### What you will do
Across the whole listing, return each line exactly, with no images included.

### Data

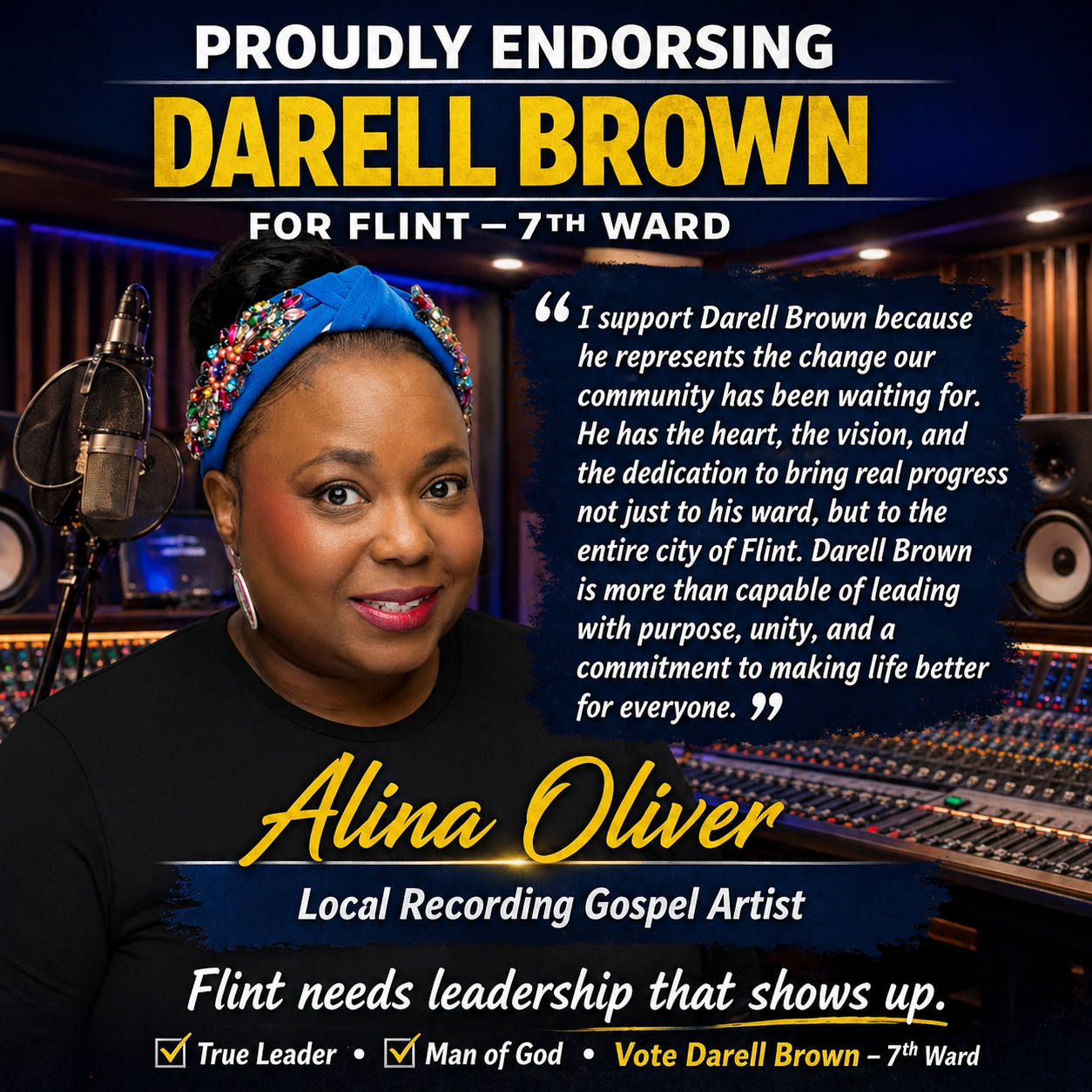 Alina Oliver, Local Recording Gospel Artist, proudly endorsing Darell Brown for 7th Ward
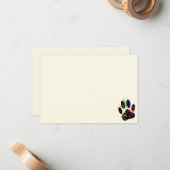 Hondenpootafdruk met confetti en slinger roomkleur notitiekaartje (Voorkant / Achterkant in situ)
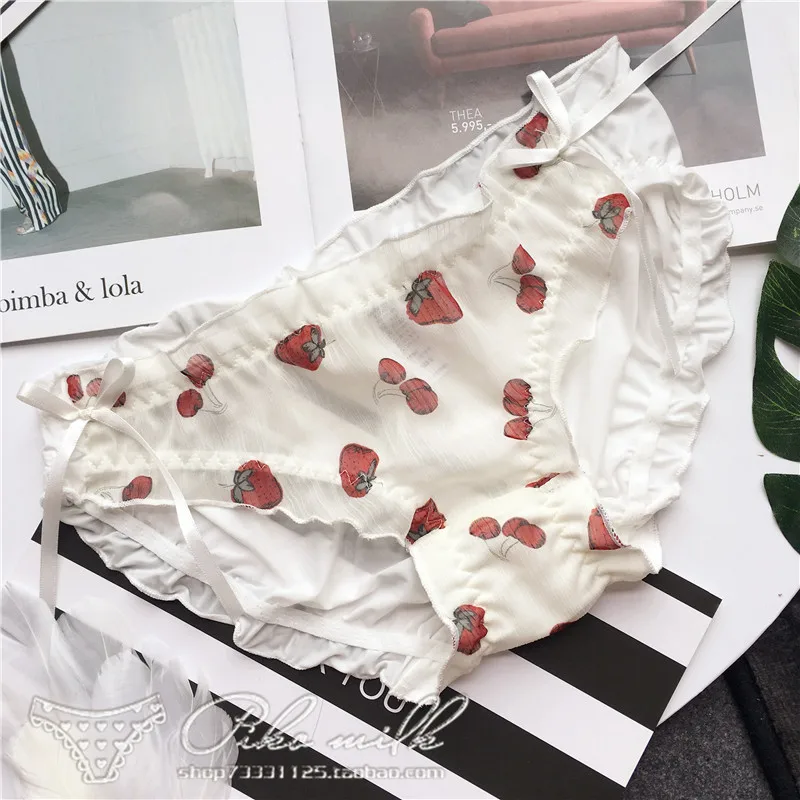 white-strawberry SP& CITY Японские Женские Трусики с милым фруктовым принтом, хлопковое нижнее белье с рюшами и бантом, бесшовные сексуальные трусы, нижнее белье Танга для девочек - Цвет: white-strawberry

### Reply to the exercise
 Alina Oliver, Local Recording Gospel Artist, proudly endorsing Darell Brown for 7th Ward
 Hondenpootafdruk met confetti en slinger roomkleur notitiekaartje (Voorkant / Achterkant in situ)
 white-strawberry SP& CITY Японские Женские Трусики с милым фруктовым принтом, хлопковое нижнее белье с рюшами и бантом, бесшовные сексуальные трусы, нижнее белье Танга для девочек - Цвет: white-strawberry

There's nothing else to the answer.